Axle Weight Calculator
FeatureDataNew free public tool at /axle-calculator. Run any axle layout against per-state axle weight limits, gross vehicle weight caps, the Federal Bridge Formula, and every permit class encoded for that state. Covers all 48 contiguous states, including state-specific quirks like Idaho color permits, Florida FDOT outer-bridge minimums, Maine 6-axle grandfather, New York Type 24C group balance, Ohio spacing-scaled tandem, and Vermont's lookup table.
Drag any non-steer wheel on the truck diagram to reposition it, or use the Insert axle button to drop a new one anywhere along the wheelbase. The kingpin gap auto-locks at startup so reshaping the truck does not accidentally collapse the trailer reach. The compliance ladder updates automatically as you edit, no Calculate button.
When a load fails legal limits, the permit ladder shows which annual or single-trip permit class clears it. Find it in the Resources menu in the header, in the footer, or on the Resources page.
Route Preference Slider & Road-Type Map
FeatureAfter calculating a route, you can now fine-tune which route gets picked using a slider in the Route summary bar. Drag toward "I" to accept a few extra miles in exchange for more interstate travel, or toward "NI" to minimize interstate mileage. The default leans slightly toward interstates (+5%), matching how most oversize loads prefer to run.
The route map now colors each segment by road type — Interstate (blue), US Highway (green), State Highway (orange), and Local/Other (red).
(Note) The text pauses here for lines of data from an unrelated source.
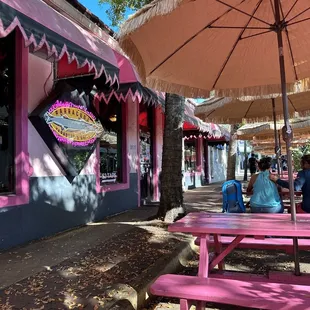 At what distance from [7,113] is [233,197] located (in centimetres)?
383

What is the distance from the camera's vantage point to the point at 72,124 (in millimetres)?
6832

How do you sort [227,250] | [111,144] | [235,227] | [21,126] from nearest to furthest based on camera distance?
[235,227] → [227,250] → [21,126] → [111,144]

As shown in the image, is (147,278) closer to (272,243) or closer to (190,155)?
(272,243)

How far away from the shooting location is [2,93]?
5.55 metres

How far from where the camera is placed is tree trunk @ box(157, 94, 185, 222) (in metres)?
6.99

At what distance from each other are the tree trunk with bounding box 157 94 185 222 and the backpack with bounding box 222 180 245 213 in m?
1.74

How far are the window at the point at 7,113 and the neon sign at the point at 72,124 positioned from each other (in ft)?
2.11

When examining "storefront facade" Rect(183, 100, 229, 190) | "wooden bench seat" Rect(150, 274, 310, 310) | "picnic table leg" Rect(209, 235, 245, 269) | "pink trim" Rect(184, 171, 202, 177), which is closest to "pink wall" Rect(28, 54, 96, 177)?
"picnic table leg" Rect(209, 235, 245, 269)

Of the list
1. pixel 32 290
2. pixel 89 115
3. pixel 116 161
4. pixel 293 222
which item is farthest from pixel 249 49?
pixel 116 161

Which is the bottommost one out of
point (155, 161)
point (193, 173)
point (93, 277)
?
point (93, 277)

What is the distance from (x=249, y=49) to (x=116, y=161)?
5.61 metres

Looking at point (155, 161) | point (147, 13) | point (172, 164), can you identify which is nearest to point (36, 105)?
point (172, 164)

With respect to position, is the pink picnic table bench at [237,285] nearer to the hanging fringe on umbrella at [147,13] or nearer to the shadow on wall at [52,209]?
the hanging fringe on umbrella at [147,13]

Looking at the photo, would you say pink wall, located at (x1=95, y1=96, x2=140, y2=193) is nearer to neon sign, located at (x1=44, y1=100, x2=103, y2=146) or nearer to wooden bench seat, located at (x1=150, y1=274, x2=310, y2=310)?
neon sign, located at (x1=44, y1=100, x2=103, y2=146) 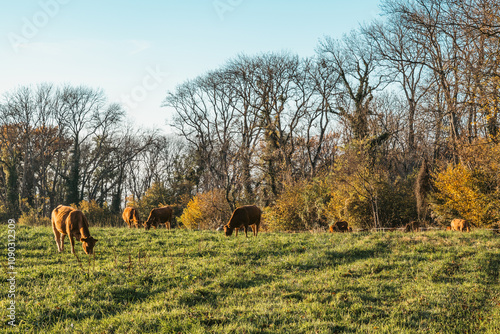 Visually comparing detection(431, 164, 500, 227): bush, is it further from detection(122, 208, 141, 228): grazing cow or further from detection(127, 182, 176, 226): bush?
detection(127, 182, 176, 226): bush

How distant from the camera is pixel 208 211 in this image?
33.6 meters

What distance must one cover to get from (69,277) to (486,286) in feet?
32.4

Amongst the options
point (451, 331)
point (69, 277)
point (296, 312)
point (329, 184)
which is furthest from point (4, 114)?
point (451, 331)

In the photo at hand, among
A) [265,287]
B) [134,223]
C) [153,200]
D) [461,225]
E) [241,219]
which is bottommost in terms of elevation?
[265,287]

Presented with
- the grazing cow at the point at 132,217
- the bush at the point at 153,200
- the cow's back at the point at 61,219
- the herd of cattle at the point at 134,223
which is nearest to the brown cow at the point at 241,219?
the herd of cattle at the point at 134,223

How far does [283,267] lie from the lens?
10.5 m

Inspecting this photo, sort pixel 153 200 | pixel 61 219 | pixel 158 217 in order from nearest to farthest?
pixel 61 219
pixel 158 217
pixel 153 200

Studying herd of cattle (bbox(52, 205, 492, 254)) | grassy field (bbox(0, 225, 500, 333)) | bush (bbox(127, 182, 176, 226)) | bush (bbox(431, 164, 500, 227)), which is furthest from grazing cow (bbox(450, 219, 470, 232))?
bush (bbox(127, 182, 176, 226))

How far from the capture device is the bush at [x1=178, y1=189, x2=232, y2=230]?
1299 inches

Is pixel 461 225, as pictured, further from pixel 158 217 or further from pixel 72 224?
pixel 72 224

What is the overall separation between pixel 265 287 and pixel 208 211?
82.9ft

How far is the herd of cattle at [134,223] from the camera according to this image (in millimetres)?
11055

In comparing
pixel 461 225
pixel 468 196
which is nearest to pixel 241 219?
pixel 461 225

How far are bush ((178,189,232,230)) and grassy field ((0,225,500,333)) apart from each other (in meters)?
19.3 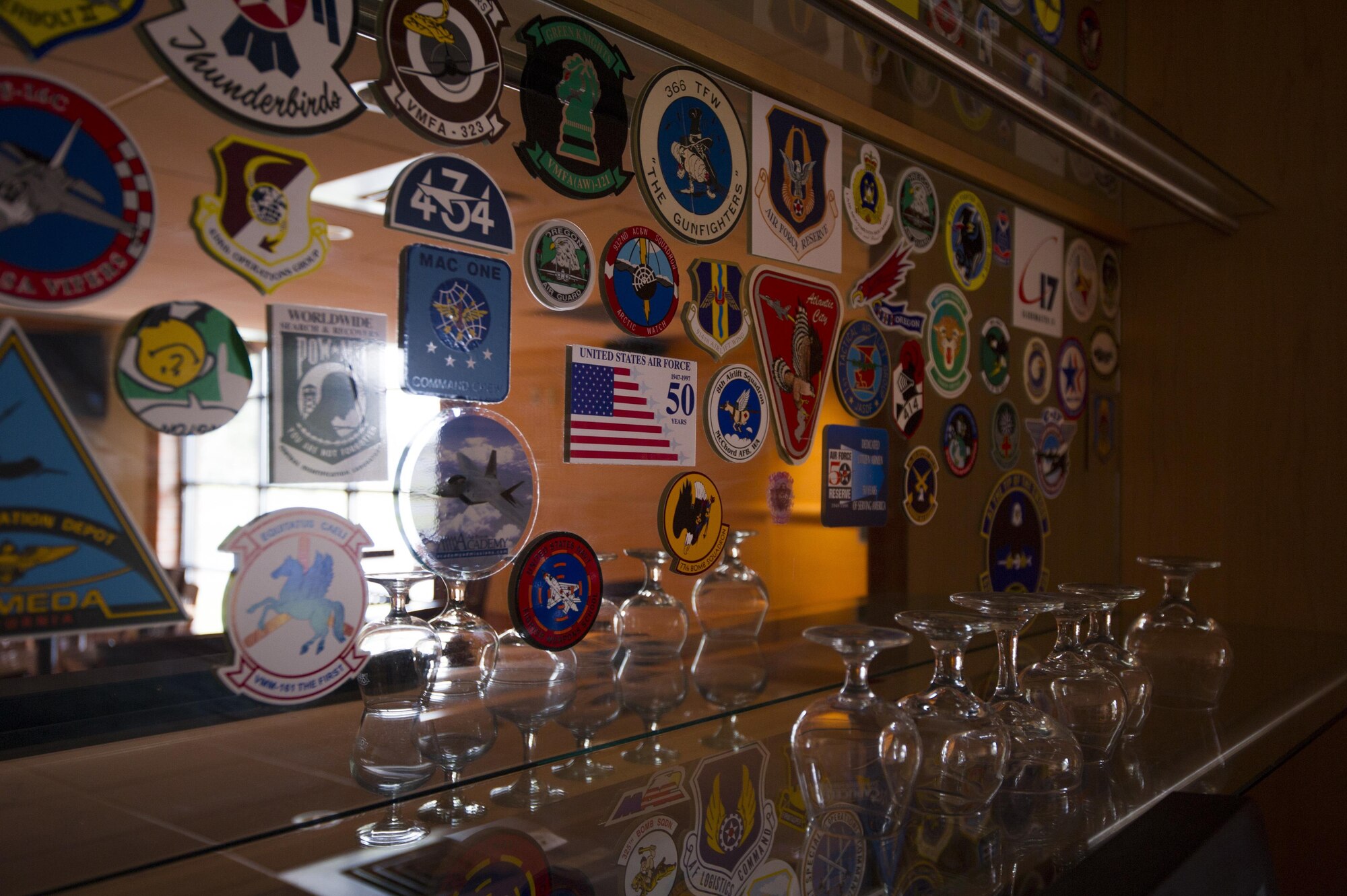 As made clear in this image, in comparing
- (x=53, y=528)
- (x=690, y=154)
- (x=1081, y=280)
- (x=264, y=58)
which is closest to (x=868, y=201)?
(x=690, y=154)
Expand the Route bar to see a full mileage breakdown by road type.
Adjusting the slider re-routes and re-calculates all per-state permits automatically, and it does NOT consume a calculation credit — change preferences freely.
Address autocomplete in the Origin / Stop / Destination fields now covers full street addresses in addition to cities.
Combination Dimension Trigger Logic
FeatureWhen a load triggers escort requirements through a combination of dimensions working together (for example, width and length), the State Results table now highlights the escort count in amber and shows a "Combo triggered" tooltip on hover. Previously the count would update correctly, but there was no visual signal that the requirement came from a combined rule rather than a single dimension.